Le grand art consiste à présenter une image (sous forme de texte, de dessin…) qui possède des qualités de drôlerie au niveau le plus simpliste (un monsieur sérieux met le pied dans un moka kabyle ou une fumeuse trouve une brique dans son tabac), niveau qui suffit d’ailleurs à la plus grande partie du public. Mais cette image comportera des éléments visibles (ou audibles) qui font penser à autre chose dont vous percevez alors les éléments. Ceux-ci, à leur tour, si vous avez le bagage suffisant, font apparaître des détails qui n’étaient pas visibles au premier coup d’œil. Ces associations d’idées successives ne se produisent que dans notre cerveau et dépendent donc essentiellement de notre imagination et de notre culture. C’est peut-être aussi difficile que pour un curé de tirer un écu de son tronc, mais ainsi l’humoriste peut, en théorie sans crainte, dépasser largement les limites de nos tabous ou celles imposées par la simple bienséance, puisque, si inconvenance il y a, elle ne provient que de l’inconduite de notre propre subconscient.

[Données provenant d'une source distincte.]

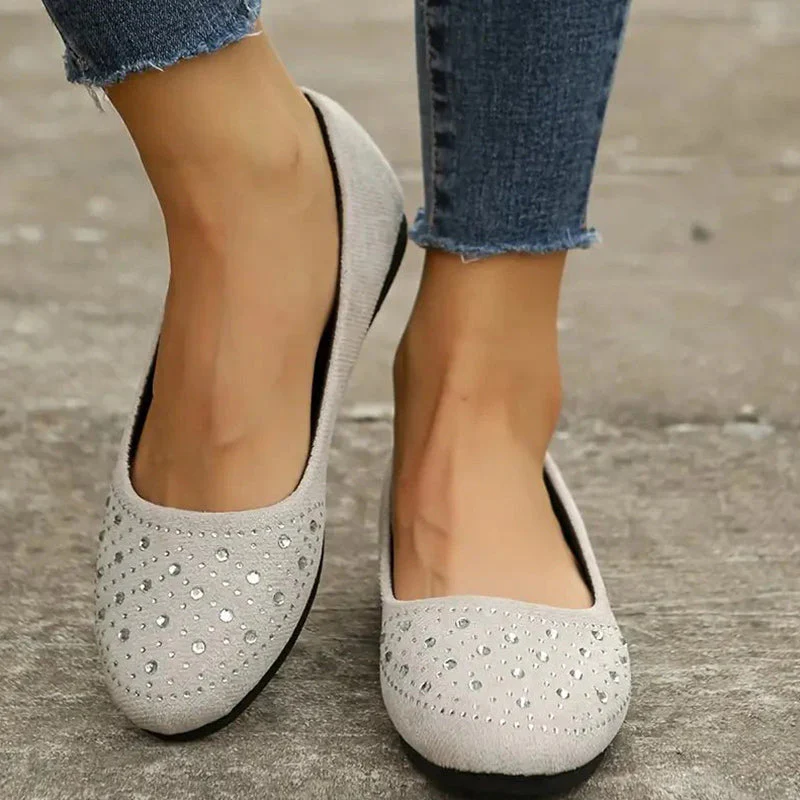 Comfortable slip-on flats for women with rhinestone decorations - Image 2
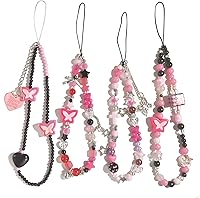 cioatu 4PCS Cute Y2K Phone Charms - Beaded Bear Butterfly Heart Straps for Phone, AirPods, Bag Keychain
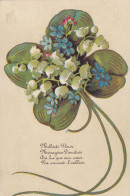 Delcampe - MUGUET         UN TREFLE  BIEN ACCOMPAGNE - Blumen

N’allez pas pour cela croire d’emblée que tous les humoristes sont des machiavéliques qui passent leur temps à s’en lécher dans leurs calculs. Il ne faut, en effet, pas juger le pichet sur la mine et rendre le pinard visible. Souvent, leur production est parfaitement spontanée et les associations scabreuses qu’elle peut nous suggérer sont le produit du travail de leur propre inconscient.

Prenez part à la danse

L’humour se présente alors comme une sorte de dialogue non dit dont nous fixons nous-mêmes le niveau. Mais, dans cette espèce de télépathie sans fil, il faut se méfier des parasites qui vous brouillent l’écoute. Parce que, et c’est là que le bât blesse, trop souvent notre hypocrisie foncière rend le pitre responsable des jeux de fous de nos sombres autosuggestions. Si déjà nous n’aimons pas ceux qui nous montrent nos défauts, nous aimons encore moins ceux qui nous les font découvrir.

Pour apprécier pleinement l’humour, il convient donc de voir les choses avec une certaine sérénité. Pas cette sérénité béate consécutive à un angélisme euphorisant, mais celle que procure le plaisir ineffable de considérer le monde conique (comme l’imagine Einstein) avec suffisamment de recul. C’est pour cette raison sans doute que la plupart des gens engagés à fond dans un combat qui occupe tout leur esprit, ce qui leur donne souvent mine piteuse (et quelle bouille !) sont si peu enclins à pratiquer ou à comprendre l’humour. De la dérision, encore de la dérision, toujours de la dérision. C’est l’arme la plus efficace contre tout ce qui nous opprime, nous effraie, nous domine, nous accule et nous encorde. Mais dérision bien ordonnée commence par soi-même ! La première leçon d’humour consiste à essayer de ne pas trop se prendre au sérieux afin que notre rire puisse être provoqué par autre chose que le malheur ou les défauts d’autrui. Secouons les mites de nos habits, détestons nos ridicules et goûtons la farce !


1  Raconté par le colonel Rémy, cité dans Luc Étienne, L’art du contrepet, J.J. Pauvert, 1957.